## DATA PROVIDED:

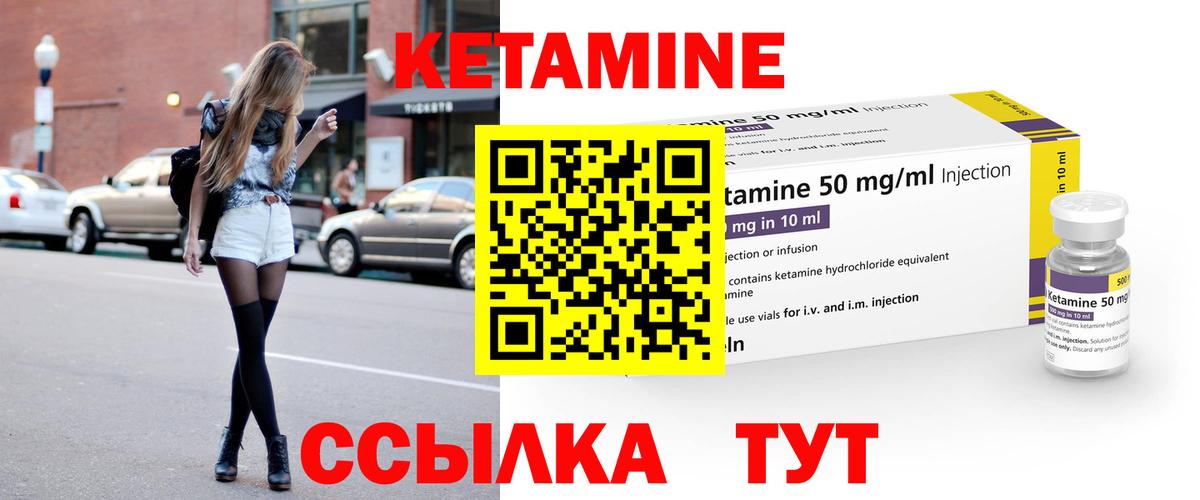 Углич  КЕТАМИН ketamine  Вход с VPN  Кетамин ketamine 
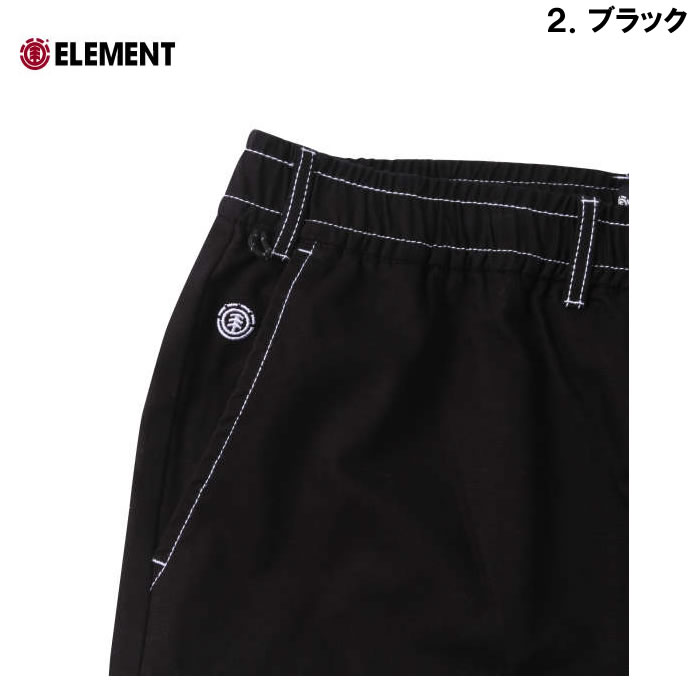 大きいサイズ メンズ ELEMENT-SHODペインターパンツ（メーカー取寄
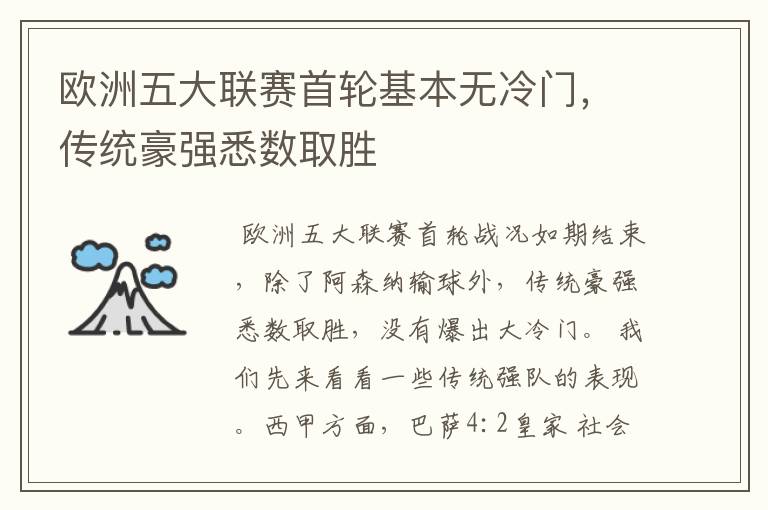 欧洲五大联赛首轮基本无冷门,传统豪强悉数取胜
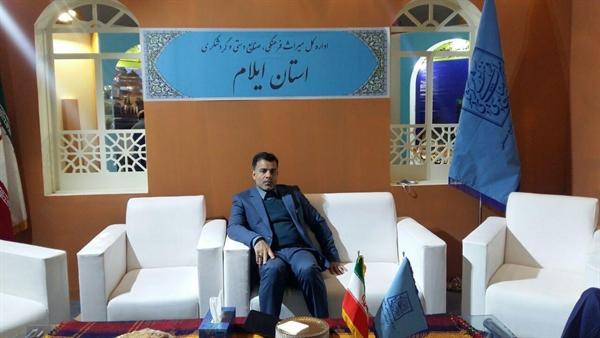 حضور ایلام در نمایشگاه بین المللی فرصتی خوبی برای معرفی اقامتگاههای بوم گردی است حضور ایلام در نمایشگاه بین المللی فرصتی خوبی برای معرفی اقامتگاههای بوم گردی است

## THE PROBLEM:
Would you please set down the data above again exactly, without its pictures?

## REPLY:
 Углич  КЕТАМИН ketamine  Вход с VPN  Кетамин ketamine 
 大きいサイズ メンズ ELEMENT-SHODペインターパンツ（メーカー取寄
 欧洲五大联赛首轮基本无冷门,传统豪强悉数取胜
 حضور ایلام در نمایشگاه بین المللی فرصتی خوبی برای معرفی اقامتگاههای بوم گردی است حضور ایلام در نمایشگاه بین المللی فرصتی خوبی برای معرفی اقامتگاههای بوم گردی است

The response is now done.